Adds an avatar upload field to user profiles if the current user has media permissions. Generates requested sizes on demand just like Gravatar! Simple and lightweight.
Just edit a user profile, and scroll down to the new “Avatar” field. The plug-in will take care of cropping and sizing!
- Stores avatars in the “uploads” folder where all of your other media is kept.
- Has a simple, native interface.
- Fully supports Gravatar and default avatars if no local avatar is set for the user – but also allows you turn off Gravatar.
- Generates the requested avatar size on demand (and stores the new size for efficiency), so it looks great, just like Gravatar!
- Lets you decide whether lower privilege users (subscribers, contributors) can upload their own avatar.
- Enables rating of local avatars, just like Gravatar.
Screenshots
Avatar upload field on a user profile page
FAQ
Does Simple Local Avatars collect personal data of website visitors?

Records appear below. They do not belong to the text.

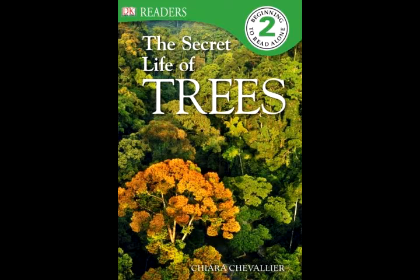High up in the branches, birds carefully build nests. They lay their eggs out of sight and out of reach of other animals. Under the tree branches, wasps may build a nest.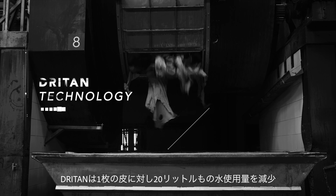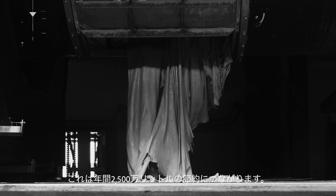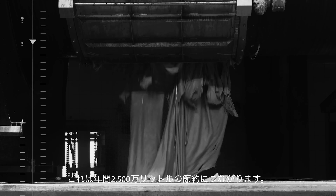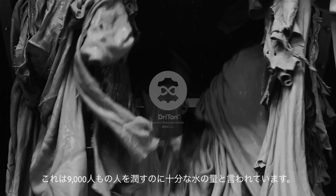Dry tan is reducing 20 litres of water per hide. This translates to 25 million litres of water saved a year — enough water to keep 9,000 people hydrated for one year.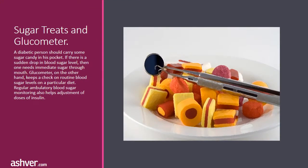Sugar treats and glucometer: a diabetic person should carry some sugar candy in their pocket. If there is a sudden drop in blood sugar level, one needs immediate sugar through the mouth. A glucometer, on the other hand, keeps a check on routine blood sugar levels on a particular diet. Regular ambulatory blood sugar monitoring also helps with the adjustment of doses of insulin.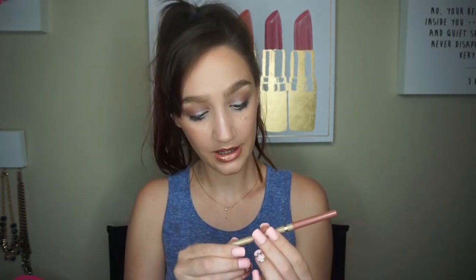Next I'm pulling out this Briogeo Don't Despair Repair Deep Conditioning Mask — no sulfates, no silicones, no parabens, no artificial colors, and no chemical fragrances. As someone with sensitivities to fragrances, I really really love this brand for hair care. I've only tried a few of their products from Ipsy but I'm considering buying a set. It works so well, smells great without giving me a headache. I highly recommend Briogeo.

No. Simple Local Avatars neither collects, stores, nor sends any PII data of visitors or avatar users on the host site or to 10up or other services.
ChangeLog
2.8.3 – 2024-11-18
- Changed: Only allow images that were uploaded by the same user be used when setting the avatar via a REST request (props @dkotter, @justus12337, @faisal-alvi via #317).

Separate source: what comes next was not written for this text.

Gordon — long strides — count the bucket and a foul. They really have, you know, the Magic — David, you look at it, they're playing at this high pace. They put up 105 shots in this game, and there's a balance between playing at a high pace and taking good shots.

- Fixed: Only allow image files to be set as the avatar in REST requests (props @dkotter, @justus12337, @faisal-alvi via #317).
- Security: Bump
@10up/cypress-wp-utils
from 0.2.0 to 0.4.0, @sentry/node
from 6.19.7 to 8.38.0, @wordpress/env
from 9.2.0 to 10.11.0, cypress
from 13.2.0 to 13.15.2, cypress-mochawesome-reporter
from 3.6.0 to 3.8.2, puppeteer-core
from 23.3.0 to 23.8.0 (props @dkotter via #319).
2.8.2 – 2024-11-12
- Fixed: Ensure dependencies are (actually) included properly in the release (props @dkotter via #316).
2.8.1 – 2024-11-12
- Fixed: Ensure dependencies are included properly in the release (props @dkotter via #315).
2.8.0 – 2024-11-12
Note that this release bumps the minimum required version of WordPress from 6.4 to 6.5.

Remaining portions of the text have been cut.